• REQUIRED ACTION:
Where "Party" appears in a line of the entries below, that line should be copied.

• SUPPLIED MATERIAL:
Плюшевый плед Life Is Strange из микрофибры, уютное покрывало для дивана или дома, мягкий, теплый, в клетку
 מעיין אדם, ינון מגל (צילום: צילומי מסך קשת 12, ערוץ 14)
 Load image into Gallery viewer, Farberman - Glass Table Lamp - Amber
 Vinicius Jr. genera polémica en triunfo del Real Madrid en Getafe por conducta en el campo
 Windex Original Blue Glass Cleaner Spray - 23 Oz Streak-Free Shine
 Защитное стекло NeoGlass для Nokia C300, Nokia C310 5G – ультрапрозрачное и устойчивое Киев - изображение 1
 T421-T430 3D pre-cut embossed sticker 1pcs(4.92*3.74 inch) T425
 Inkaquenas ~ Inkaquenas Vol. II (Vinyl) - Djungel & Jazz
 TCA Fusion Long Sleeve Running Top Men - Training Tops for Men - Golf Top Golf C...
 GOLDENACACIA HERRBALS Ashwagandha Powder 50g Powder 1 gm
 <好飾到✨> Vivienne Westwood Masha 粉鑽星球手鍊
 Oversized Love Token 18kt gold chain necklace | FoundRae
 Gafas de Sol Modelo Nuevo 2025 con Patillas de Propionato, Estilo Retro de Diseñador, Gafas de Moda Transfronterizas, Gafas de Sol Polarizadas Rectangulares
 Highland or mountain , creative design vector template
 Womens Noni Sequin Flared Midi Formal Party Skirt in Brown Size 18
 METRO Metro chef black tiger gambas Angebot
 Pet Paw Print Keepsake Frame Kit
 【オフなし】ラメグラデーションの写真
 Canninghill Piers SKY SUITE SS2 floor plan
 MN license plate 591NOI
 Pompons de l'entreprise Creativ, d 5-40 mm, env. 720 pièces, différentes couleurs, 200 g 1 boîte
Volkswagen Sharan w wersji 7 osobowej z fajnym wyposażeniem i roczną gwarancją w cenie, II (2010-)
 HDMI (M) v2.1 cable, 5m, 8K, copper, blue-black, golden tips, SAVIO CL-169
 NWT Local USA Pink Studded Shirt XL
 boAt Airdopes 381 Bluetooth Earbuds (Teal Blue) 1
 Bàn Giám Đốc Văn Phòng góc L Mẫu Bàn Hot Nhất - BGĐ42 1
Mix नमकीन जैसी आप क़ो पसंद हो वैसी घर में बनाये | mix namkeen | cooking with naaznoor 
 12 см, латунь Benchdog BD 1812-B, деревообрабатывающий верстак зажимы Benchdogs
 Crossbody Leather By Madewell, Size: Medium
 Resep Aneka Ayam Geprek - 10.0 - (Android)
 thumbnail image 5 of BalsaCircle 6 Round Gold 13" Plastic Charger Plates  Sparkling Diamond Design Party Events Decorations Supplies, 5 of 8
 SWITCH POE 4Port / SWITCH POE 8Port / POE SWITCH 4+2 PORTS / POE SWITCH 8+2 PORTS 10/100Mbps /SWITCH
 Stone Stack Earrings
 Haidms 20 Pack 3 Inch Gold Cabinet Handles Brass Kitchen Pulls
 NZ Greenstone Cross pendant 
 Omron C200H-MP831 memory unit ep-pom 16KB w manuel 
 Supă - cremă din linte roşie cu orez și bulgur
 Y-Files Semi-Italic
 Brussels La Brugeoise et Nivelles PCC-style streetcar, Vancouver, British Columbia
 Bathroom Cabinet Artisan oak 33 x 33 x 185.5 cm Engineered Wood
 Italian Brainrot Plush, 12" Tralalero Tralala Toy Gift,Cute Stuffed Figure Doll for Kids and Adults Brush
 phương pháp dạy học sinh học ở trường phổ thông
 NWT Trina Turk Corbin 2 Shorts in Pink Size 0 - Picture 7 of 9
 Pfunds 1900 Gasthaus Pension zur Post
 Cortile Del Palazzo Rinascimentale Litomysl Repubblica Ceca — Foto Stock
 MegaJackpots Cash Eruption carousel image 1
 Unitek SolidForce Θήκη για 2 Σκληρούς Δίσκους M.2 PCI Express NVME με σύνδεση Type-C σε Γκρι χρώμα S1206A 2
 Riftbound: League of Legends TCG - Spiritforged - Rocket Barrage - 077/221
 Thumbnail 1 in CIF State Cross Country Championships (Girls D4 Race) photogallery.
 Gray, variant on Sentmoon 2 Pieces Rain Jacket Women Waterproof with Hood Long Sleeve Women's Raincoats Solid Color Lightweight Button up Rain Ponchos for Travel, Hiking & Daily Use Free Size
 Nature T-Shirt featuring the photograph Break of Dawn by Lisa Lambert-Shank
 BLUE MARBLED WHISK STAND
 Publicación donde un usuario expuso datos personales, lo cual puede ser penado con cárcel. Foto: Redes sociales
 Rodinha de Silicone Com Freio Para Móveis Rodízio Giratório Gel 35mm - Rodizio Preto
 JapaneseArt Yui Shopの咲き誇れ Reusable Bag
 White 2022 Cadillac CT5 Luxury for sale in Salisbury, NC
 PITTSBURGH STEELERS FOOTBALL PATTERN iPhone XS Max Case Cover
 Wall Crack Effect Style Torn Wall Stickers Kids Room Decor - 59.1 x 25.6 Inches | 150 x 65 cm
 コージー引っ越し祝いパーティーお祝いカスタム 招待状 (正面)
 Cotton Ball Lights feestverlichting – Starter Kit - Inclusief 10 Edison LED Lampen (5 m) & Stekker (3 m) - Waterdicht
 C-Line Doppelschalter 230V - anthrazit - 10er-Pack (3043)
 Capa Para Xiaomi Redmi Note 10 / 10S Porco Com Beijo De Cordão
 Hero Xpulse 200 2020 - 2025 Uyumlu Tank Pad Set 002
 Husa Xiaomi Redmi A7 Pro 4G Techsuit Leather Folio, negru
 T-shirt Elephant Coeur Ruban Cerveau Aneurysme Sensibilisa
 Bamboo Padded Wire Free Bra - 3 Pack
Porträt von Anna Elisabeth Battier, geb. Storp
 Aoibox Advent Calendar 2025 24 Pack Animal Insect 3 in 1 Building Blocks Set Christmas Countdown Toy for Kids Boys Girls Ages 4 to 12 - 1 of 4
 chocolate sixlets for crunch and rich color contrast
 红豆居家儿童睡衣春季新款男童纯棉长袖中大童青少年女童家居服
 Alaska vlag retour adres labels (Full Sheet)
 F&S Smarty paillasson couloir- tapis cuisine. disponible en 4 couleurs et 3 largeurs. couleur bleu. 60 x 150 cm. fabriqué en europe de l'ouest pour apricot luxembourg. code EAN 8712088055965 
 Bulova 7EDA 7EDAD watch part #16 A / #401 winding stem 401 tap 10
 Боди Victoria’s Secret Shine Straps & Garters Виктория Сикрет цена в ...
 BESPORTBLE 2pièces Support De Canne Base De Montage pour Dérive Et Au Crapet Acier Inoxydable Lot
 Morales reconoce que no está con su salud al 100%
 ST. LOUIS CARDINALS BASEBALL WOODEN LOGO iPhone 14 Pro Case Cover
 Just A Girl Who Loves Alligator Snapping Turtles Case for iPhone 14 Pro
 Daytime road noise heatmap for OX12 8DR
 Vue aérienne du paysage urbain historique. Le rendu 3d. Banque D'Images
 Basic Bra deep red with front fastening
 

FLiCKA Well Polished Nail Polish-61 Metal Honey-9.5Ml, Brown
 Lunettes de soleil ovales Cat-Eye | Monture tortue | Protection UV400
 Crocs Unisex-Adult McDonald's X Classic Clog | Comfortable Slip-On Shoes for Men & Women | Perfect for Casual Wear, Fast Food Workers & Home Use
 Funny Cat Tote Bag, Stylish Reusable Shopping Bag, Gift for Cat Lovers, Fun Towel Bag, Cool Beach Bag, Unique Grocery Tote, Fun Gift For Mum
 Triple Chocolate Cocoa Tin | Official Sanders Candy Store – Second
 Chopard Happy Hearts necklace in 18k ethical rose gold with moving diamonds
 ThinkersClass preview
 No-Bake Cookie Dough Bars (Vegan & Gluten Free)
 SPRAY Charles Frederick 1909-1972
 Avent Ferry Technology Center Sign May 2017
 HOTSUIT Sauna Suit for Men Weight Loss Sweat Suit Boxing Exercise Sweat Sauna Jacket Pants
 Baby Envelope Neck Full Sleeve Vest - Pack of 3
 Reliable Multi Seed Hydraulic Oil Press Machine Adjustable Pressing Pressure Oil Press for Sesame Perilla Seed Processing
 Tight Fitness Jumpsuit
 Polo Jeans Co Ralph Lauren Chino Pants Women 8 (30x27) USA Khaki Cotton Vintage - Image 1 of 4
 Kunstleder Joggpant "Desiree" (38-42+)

• EXERCISE ANSWER:
 Womens Noni Sequin Flared Midi Formal Party Skirt in Brown Size 18
 thumbnail image 5 of BalsaCircle 6 Round Gold 13" Plastic Charger Plates  Sparkling Diamond Design Party Events Decorations Supplies, 5 of 8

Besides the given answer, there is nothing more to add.